In the 34th All Japan Championship in November 2002, he won the championship for the fifth time by winning a close battle with Hitoshi Kiyama until the re-extension in the final match. Kazumi was elected to represent the 8th Open Tournament World Open Karate Championship the following year. However, Kazumi decided to retire from karate at the end of the championship and declined to participate in the world championship. Then, in December of the same year, he left the Kyokushin Kaikan (Matsui school).

In January 2003, he temporarily acted as a deputy director at the Kyokushin-kan. He left the organization and subsequently opened the Japan Karate-do Kazumi Dojo.

== Personal life ==

Hajime Kazumi is said to be humble and discreet, a spiritually and mentally strong person who doesn't put himself above others.

On 24 November 2002, Kazumi officially resigned from Kyokushin-kaikan (Kanchō Shokei Matsui) to join a new organization led by Hatsuo Royama and his instructor Tsuyoshi Hiroshige. Kazumi's reason for leaving the IKO1 was to "pursue true Budo Karate". He later resigned from the newly established Kyokushin-kan organisation to become the leader of an independent group of dojos operating in the Tokyo area.

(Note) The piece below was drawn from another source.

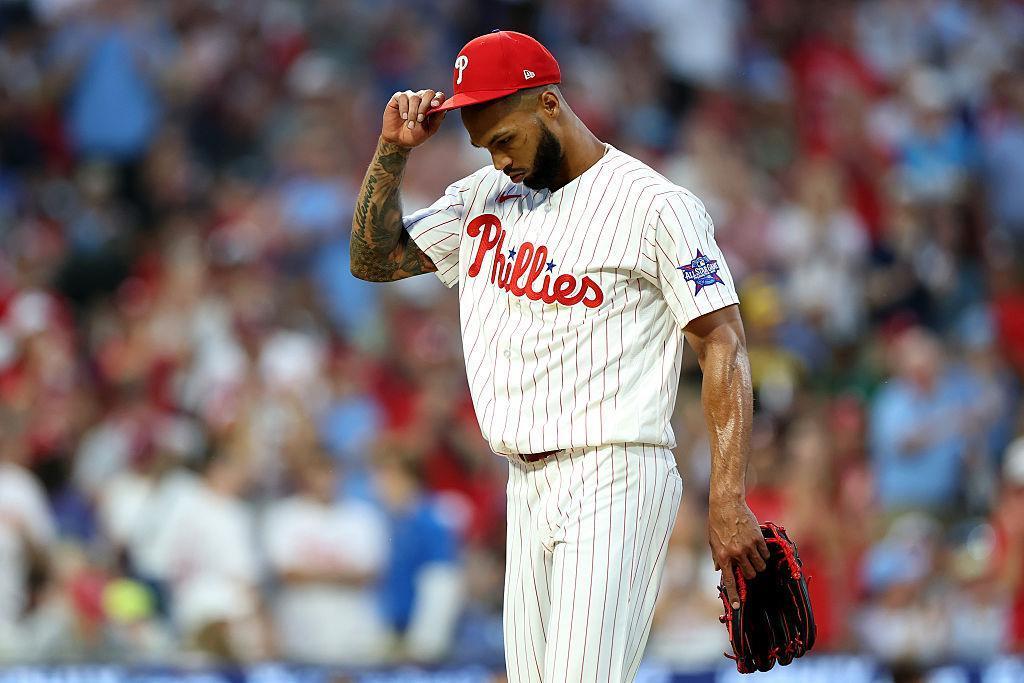 Una mala noche no borra una gran temporada: el tropiezo de Cristopher Sánchez ante los Royals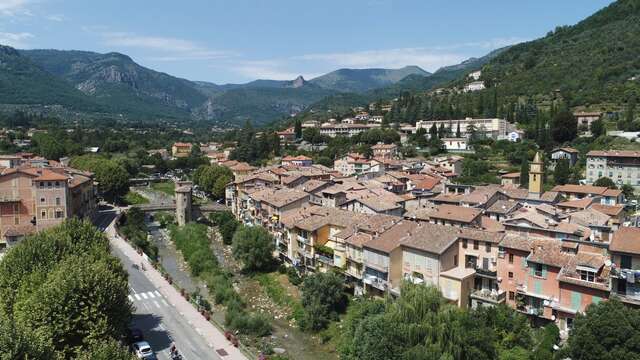 Route des grandes Alpes à vélo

With Tatsuya Iwasaki, Kazumi is the author of Shinseki Real Karate Bible, a manual for instruction of full-contact kumite (fighting) with accompanying DVD. He also produces Internet training videos for full-contact instruction.

== Fighting Style ==

Kazumi has integrated Taikiken (off-shoot of Yiquan created by Kenichi Sawai) training into his karate practice, and has modified his fighting style to rely on punching and low kicks instead of the high kicks that are characteristic of Kyokushin karate. This strategy made him a successful fighter, demonstrated by his record of wins.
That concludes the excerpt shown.